Global market integration is key to buffering future commodity prices and food security from the negative effects of climate change on agriculture, says a Purdue University agricultural economist.
Rising temperatures and an increase in extreme weather events will likely have adverse impacts on global crop production, leading to higher food prices and food scarcity. But global markets that have the ability to deliver food where it is needed most could help offset these consequences, said Thomas Hertel, distinguished professor of agricultural economics.
"If the pessimists are right, if we see the worst-case climate impacts in agriculture, what could we do in terms of economic adaptation?" he said. "Trade agreements could significantly moderate some of the worst effects on food security."
Hertel will present his research at the American Association for the Advancement of Science's Annual Meeting in Washington, D.C., Sunday (Feb. 14) at the Washington Marriott Wardman Park.
His talk, "The Underlying Climate Mechanisms of International Food Trade," is part of the symposium "Climate Change and Agriculture: Revisiting the Evidence and Potential Solutions."
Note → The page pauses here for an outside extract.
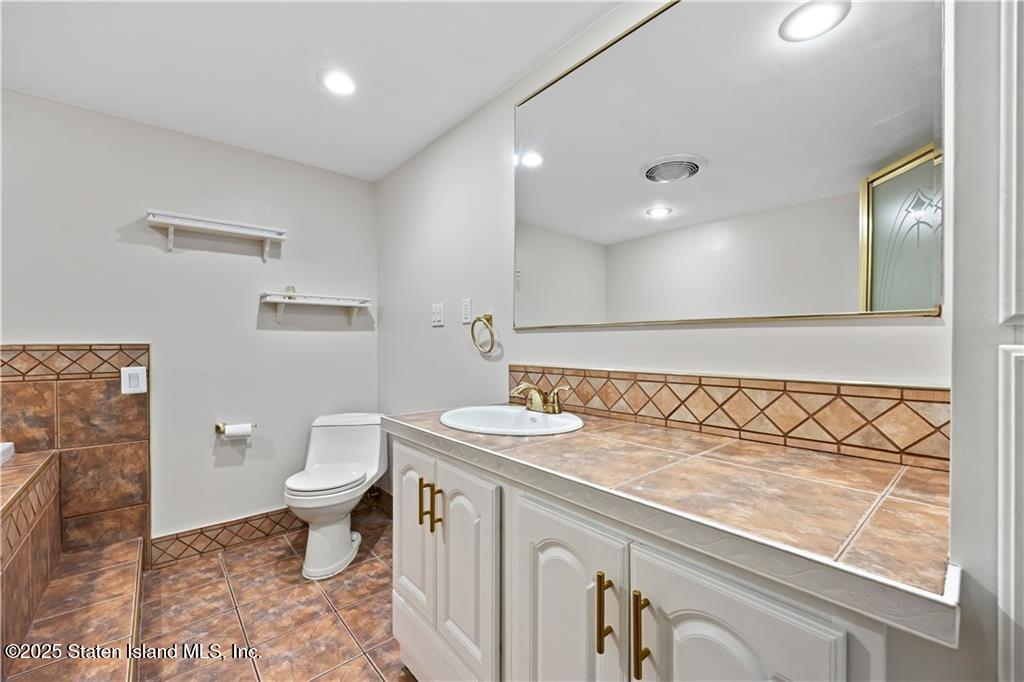 1182 Arthur Kill Road, Staten Island, New York image 22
Global agriculture stands to suffer under future climate change. A predicted increase in the frequency of extreme weather events such as droughts and floods could buffet crop yields over the next few decades. But short-term climate impacts will vary by crop and region, Hertel said, with some areas benefiting as crop production shifts geographically.
After 2050, however, the outlook for agriculture at the global level becomes "overwhelmingly negative," he said, with warmer temperatures blistering crop production, decreasing the availability of food and boosting commodity prices.
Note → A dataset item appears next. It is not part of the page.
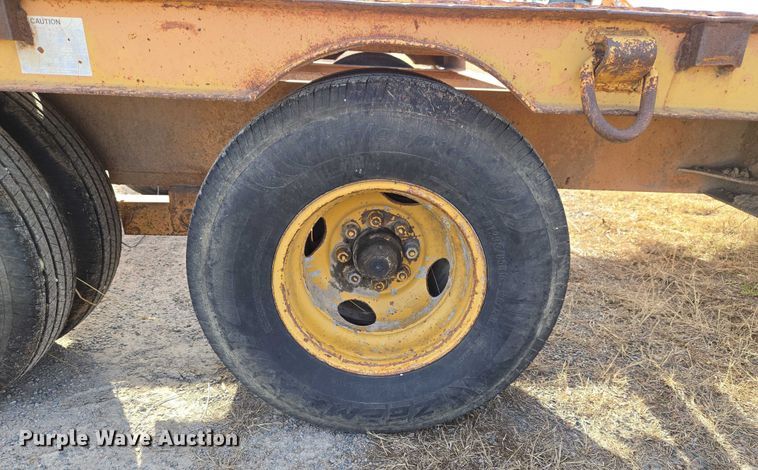 image for item ET5370 1986 Carrier King 2.206 equipment trailer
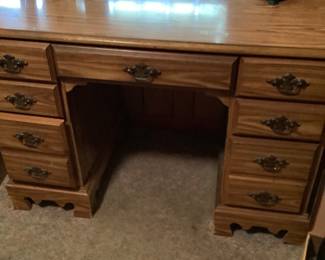 Desk marrero offer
"If we stay on the track we're on right now, climate will have mixed effects on agriculture in the near future, but after a certain point, all hell breaks loose," he said.
If models of future climate bear out - and notwithstanding potential climate mitigation or agricultural adaptations - variability in total U.S. corn yields from year to year will double by mid-century.
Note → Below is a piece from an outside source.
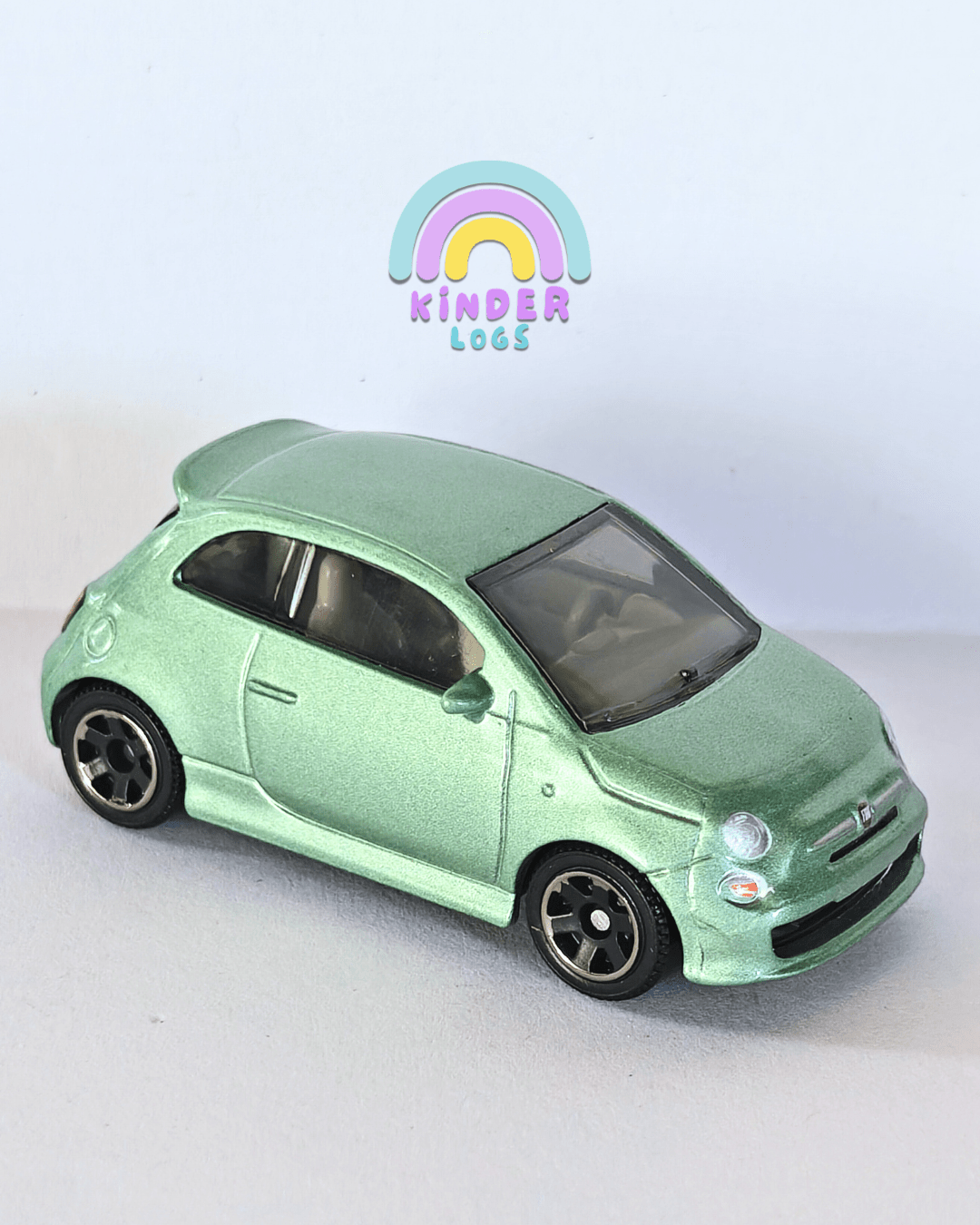 Matchbox 2019 Fiat 500 Turbo - Green (Uncarded - New) - Kinder Logs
These fluctuations will likely lead to volatility in food prices and the commodity markets, Hertel said. But free trade and strongly linked global food markets could help counterbalance these swings, both from single events such as a severe drought in the Midwest, as well as long-run declines in crop yields, particularly in the tropics.
With current trade policies, the number of people in South Asia suffering from malnutrition would rise 120 percent by 2050 under the worst-case climate change scenario. Economic models indicate that fully integrated world markets would dramatically stem these effects, offering "insurance" against the most severe outcomes predicted, Hertel said.
Importantly, research on the impacts of climate on poverty must avoid using crop prices as a metric for food security, he said. The effects of higher crop prices vary widely by country and household, and some studies have shown that higher food prices have actually lowered absolute poverty.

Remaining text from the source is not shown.